- WORK INSTRUCTIONS -
Drop the pictures and repeat the remaining data exactly.

- STORED DATA -
────────

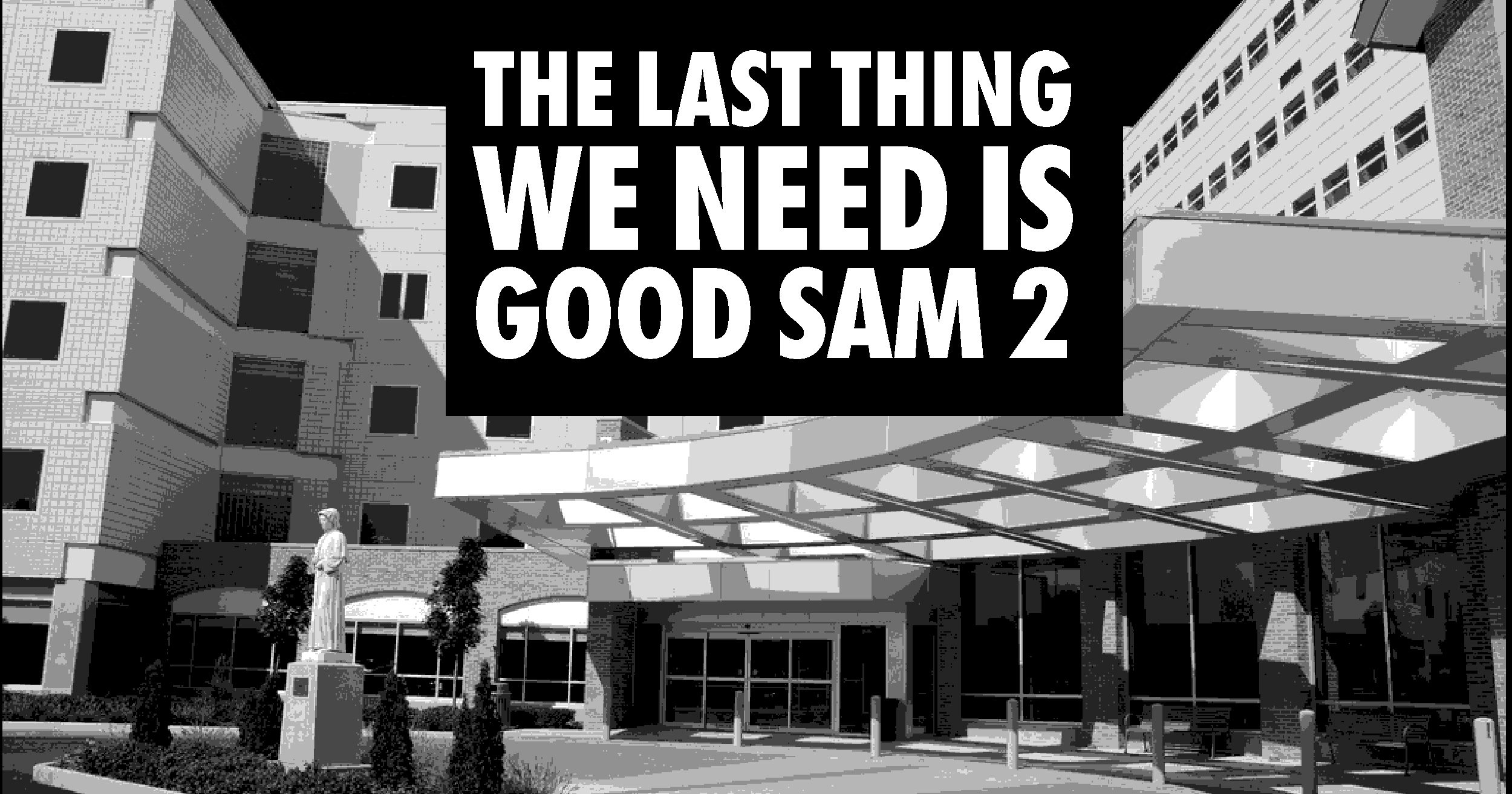 The Last Thing Dayton Needs is Good Sam 2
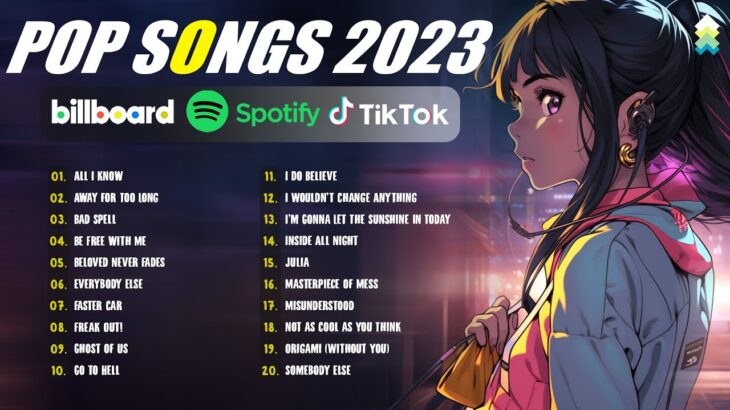 【2023年最新】人気曲メドレー2023🍁ポップミュージック2023 – 2023 | ヒットソングチャート🍁最新音楽チャート2023
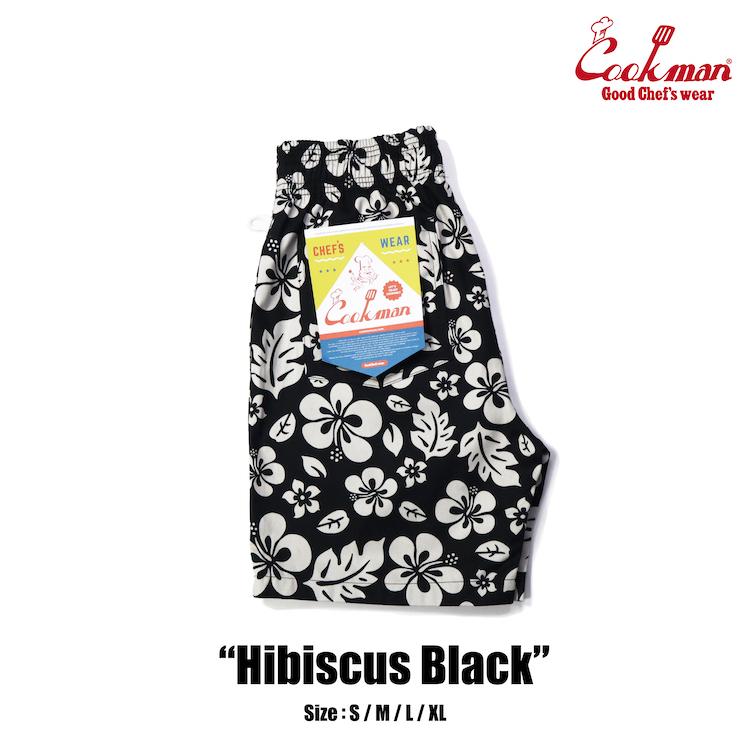 COOKMAN（クックマン） Chef Pants Short Hibiscus Black ショート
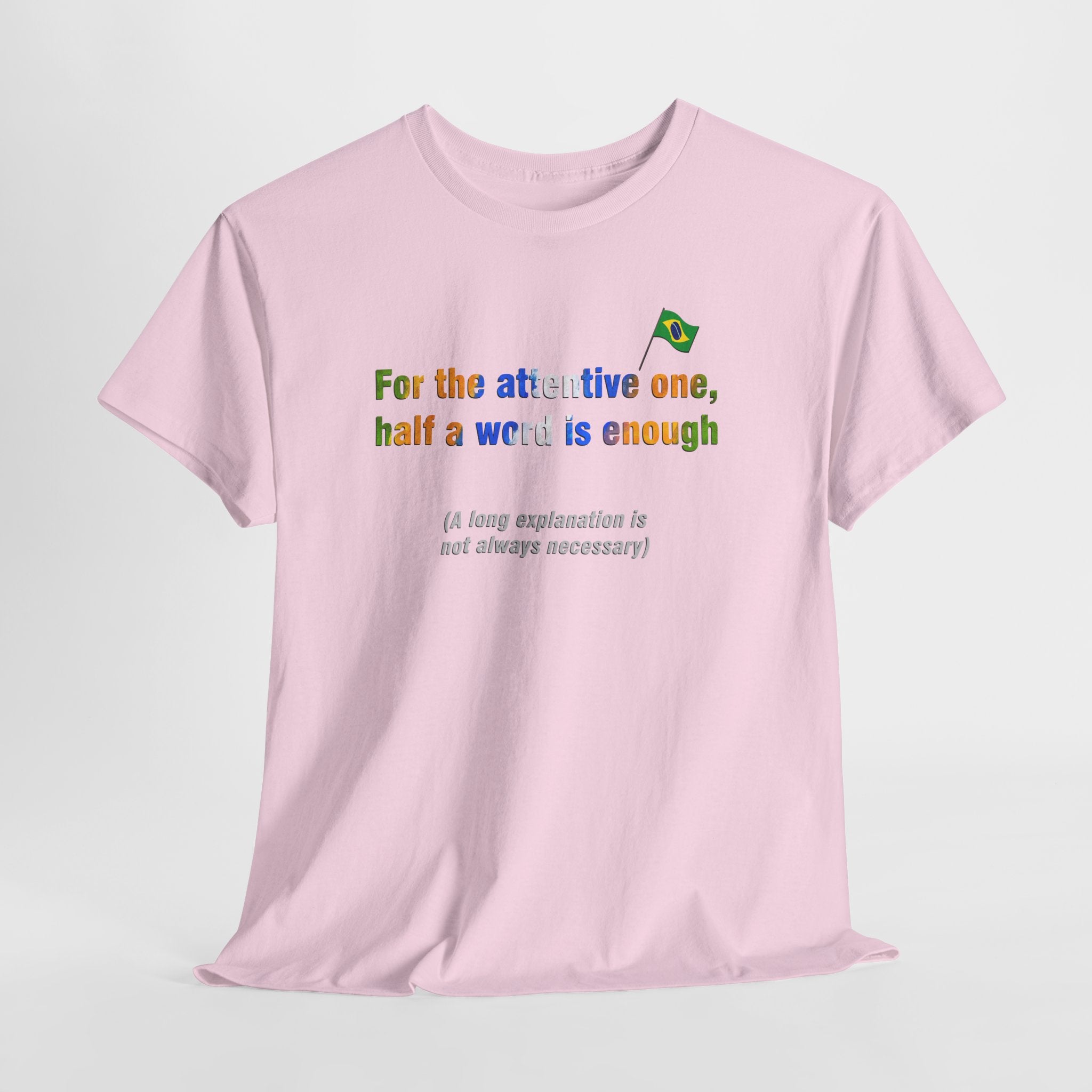 Half a Word is Enough Tee: Para Bom Entendedor, Meia Palavra Basta | Brazilian Proverb T-Shirt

────────

- REPLY TO THE EXERCISE -
 The Last Thing Dayton Needs is Good Sam 2
 【2023年最新】人気曲メドレー2023🍁ポップミュージック2023 – 2023 | ヒットソングチャート🍁最新音楽チャート2023
 COOKMAN（クックマン） Chef Pants Short Hibiscus Black ショート
 Half a Word is Enough Tee: Para Bom Entendedor, Meia Palavra Basta | Brazilian Proverb T-Shirt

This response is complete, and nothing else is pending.